Already, he sounds like a dedicated corruption hunter. I’m coming after perps. Since he has traveled extensively around the local block, he has a better than fair idea of where the dark corners are, the hiding places are, and who the big players are. He is a corruption fighter to be taken seriously. It makes sense for a man of his pedigree to take aim at corruption in Guyana; the returns could be astounding, if not ironic. A case of righteous street justice coming to pass, I say. Many of them. If I were in the employ of the PPP, I would be shaking my boots. There is a simple reason: few are the folks who did business with the PPP, or for the PPP Govt, who can claim clean hands. The higher they are elevated, the more precarious their perch. Mr. Mohamed has an additional asset that is priceless, and it comes in two parts. He has a long familiarity with skeletons, and he has old skills at detecting where they are buried. Past work programmes have a way of turning out to be beneficial when least expected, due to the turn of events, which no one can predict.

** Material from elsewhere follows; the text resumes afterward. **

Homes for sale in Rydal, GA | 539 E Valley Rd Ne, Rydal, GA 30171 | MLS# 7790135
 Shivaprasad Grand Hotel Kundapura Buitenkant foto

Aside from giving high priority to being a corruption stalker, Mr. Mohamed has shown some first glimpses of the statesman that he can be. Say what? Statesman and Azruddin Mohamed don’t belong on the same planet, much less in the same phrase. But there he was proving that he is more seasoned than he looks, that he has a head on his shoulders, and that he can be his own man. Let’s there be no more of the regular, old “chaos” in parliament. Let there be the calmness that could go a long way in fostering the beginnings of cooperation. Hear! Hear! For he is jolly peculiar fellow. A man of surprises, which makes me pause, and think that this newcomer, this chap that has been dismissed as an amateur, just may be able to hold his own with the older boys, and the bigger boys and girls, who know a thing or two about tying up proceedings in and out of parliament.

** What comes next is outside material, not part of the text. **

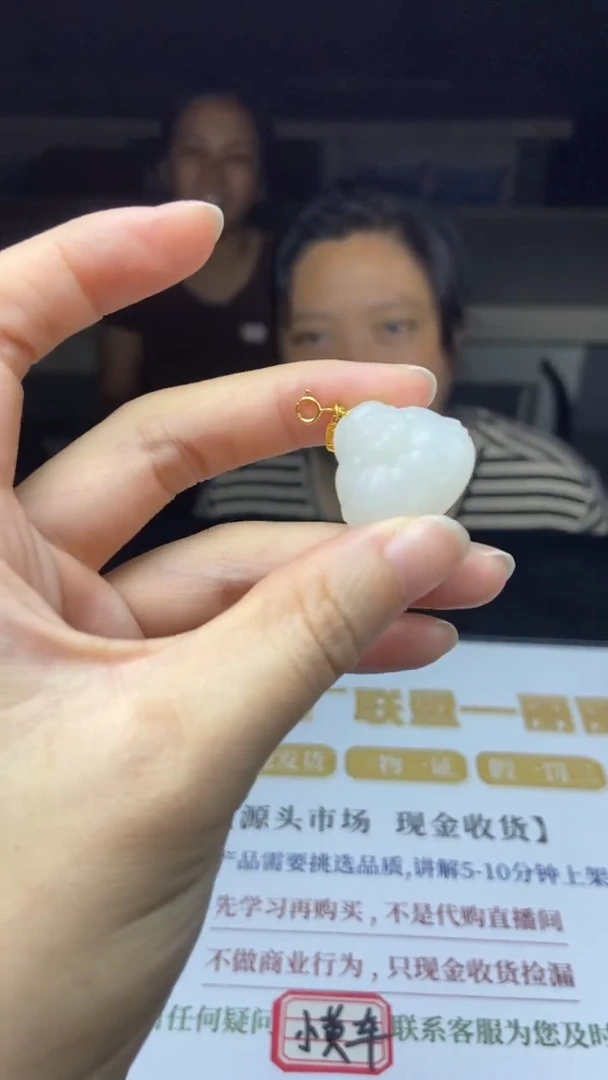 吊坠(不含链)18K金镶嵌和田玉多样性-吊坠-D9366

Question for the local parliamentary cognoscenti: when was the last time that anyone in parliament made a call for calm and cool heads? Has the Speaker who has shown a sudden exuberant propensity for effervescent loquacity? How about someone from the old and grizzled battalions? The one manning the PPP side of the parliamentary ditches (they made it that way, I submit). Or, the other lost battalion of superstars from the PNC struggling to find footing and their way out of the gloom of their tightly and remorselessly suffocating Petrified Forest. Whatever those two political old lions didn’t do, or weren’t capable of doing, the fast and furious Mohamed is manifesting that he is already on the job, and is quickly getting the hang of it. He could go places.
The Chinese may say that Guyanese are living in interesting times. But the Americans are the ones calling the shots here. In observing Mohamed, Jr., I can’t help recalling that prearranged, smooth-as-silk passage to Bridgetown, and what was the bargain struck there. Have the Americans shown the WIN leader the wisdom of working with them? Intriguing how the Washingtonians went from being hard against him to finding ways to work with him. Even more intriguing was how the US lent its demanding voice to the chorus of diplomatic calls for the Speaker (and PPP leadership) to cut the baloney and get moving on the Leader of the Opposition election. When Americans speak, the previously hard-of-hearing in the PPP hierarchy always listen up, straighten up, and jump up. Yes, Excellency. Consider it done, Excellency.
Last, in considering the renewed, reinvigorated Azruddin Mohamed, I find myself pondering, who he is really working for, other than for himself. And the Guyanese people, of course.